Why it matters: A string of public figures and social media commentators have incorrectly suggested that the monthly jobs figures are "fake," pointing to the number of downward revisions in recent months.
- Sen. Marco Rubio (R-Fl.) is the latest, blasting the BLS on Friday after a blockbuster September jobs report showed the economy is nowhere near a recession.
Zoom out: The jobs report, released on the first Friday of each month at 8:30am ET, gets updated twice in as many months.
- There's no conspiracy and it isn't political: The agency evaluates information that wasn't available at the time of the initial report, and revises the numbers as appropriate.
What they're saying: "The numbers aren't faked, there is no way they can be faked," William Beach, the former Bureau of Labor Statistics commissioner — appointed by former President Trump — tells Axios.

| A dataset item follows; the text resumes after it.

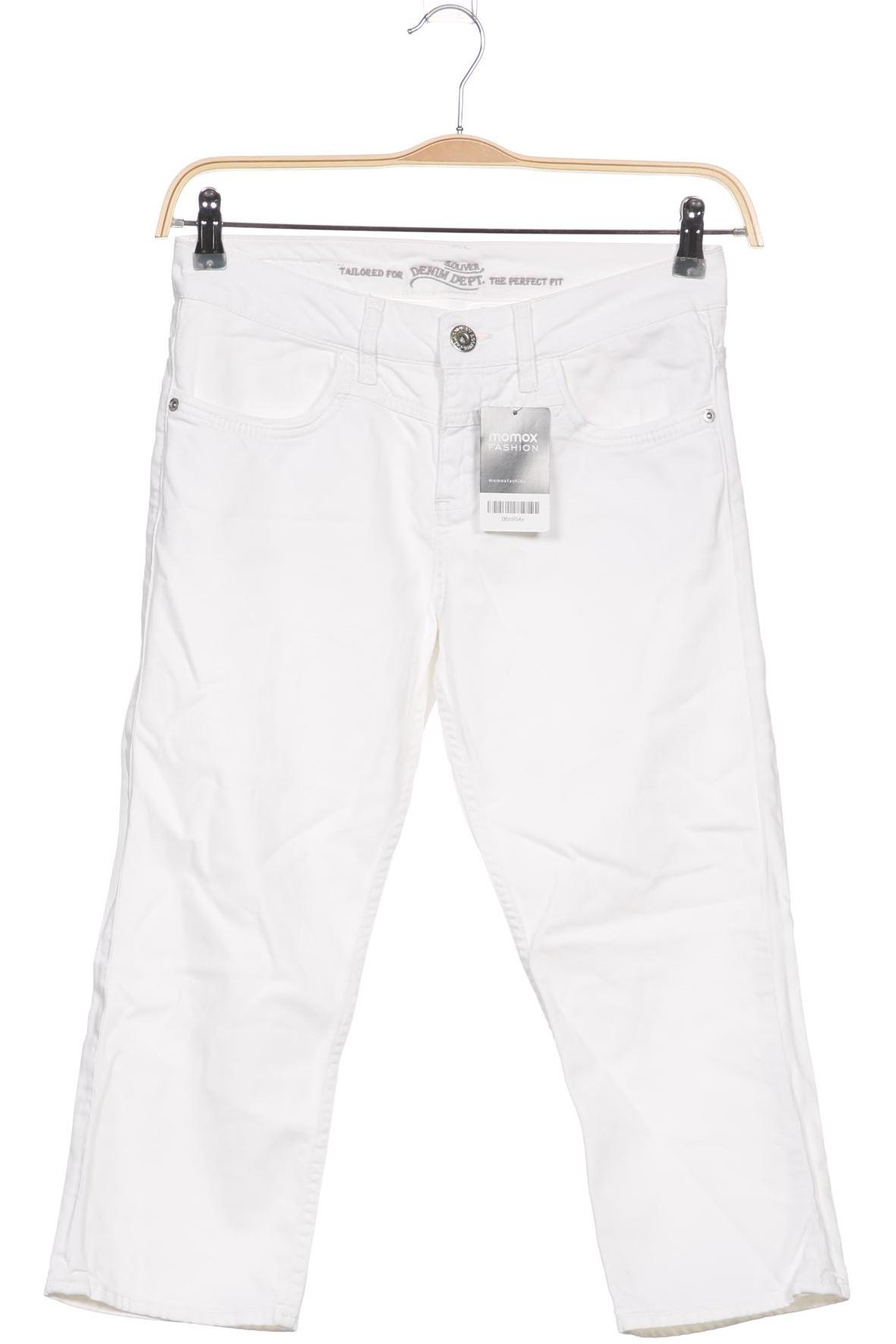 

s.Oliver Damen Shorts, weiß, Gr. 38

- "Folks who say this don't know enough about how the revisions work," Beach added.
How it works: The BLS — a nonpartisan statistical agency within the Labor Department — releases the jobs report, a look at the change in employment from the previous month.
- It's among the most important pieces of economic data that can move financial markets globally.
- Officials at the BLS survey about 629,000 work sites to project the nationwide estimate for how many jobs have been created (or lost).
- But sometimes the businesses don't respond in time before the report is released. The BLS continues to take reports from those businesses, helping inform the revisions published in the following two months.
- This is just one of two surveys that comprise the labor market data — the other is a survey of households, which helps BLS calculate the unemployment rate. (The unemployment rate is not revised monthly.)
Context: The initial reported data is "the quick but lower resolution snapshot of what went on in the job market for a particular month," BLS officials wrote in 2012.
- The revisions, which have been conducted since 1979, can be so large that they change the perspective of the current state of economy, especially if a large company is late to report payrolls data.
- It is true that jobs have been revised away over the past year, but "it's also the case that the process of data revisions has also moved in more positive directions too," Rick Rieder, CIO of global fixed income at BlackRock, wrote in a note.
The intrigue: There are also annual revisions to job figures conducted by the BLS. That, too, is based on more complete information after it becomes available.
- The BLS adjusts its estimates for payrolls to reflect official tax data that wasn't available at the time of initially reporting monthly numbers.
- The revisions can be meaningful: The first for 2024 showed the economy added 818,000 fewer jobs in the 12 months through March.
The big picture: Trump and other Republican lawmakers falsely claimed these revisions were partisan.
- But the same happened while Trump was in office: The BLS posted revisions that showed there were roughly 500,000 fewer jobs in the 12 months through March 2019 than initially thought.
Beach responded to false claims that the agency had wanted to bury the most recent annual revisions, which came out in August as planned, until after the election:
- "For those who think the big revision to the BLS jobs numbers 'leaked' and was meant to come out after the election, remember that BLS always announces its draft revisions in August and announced this year's date, August 21, many months ago. It is important to check your facts," Beach said on X.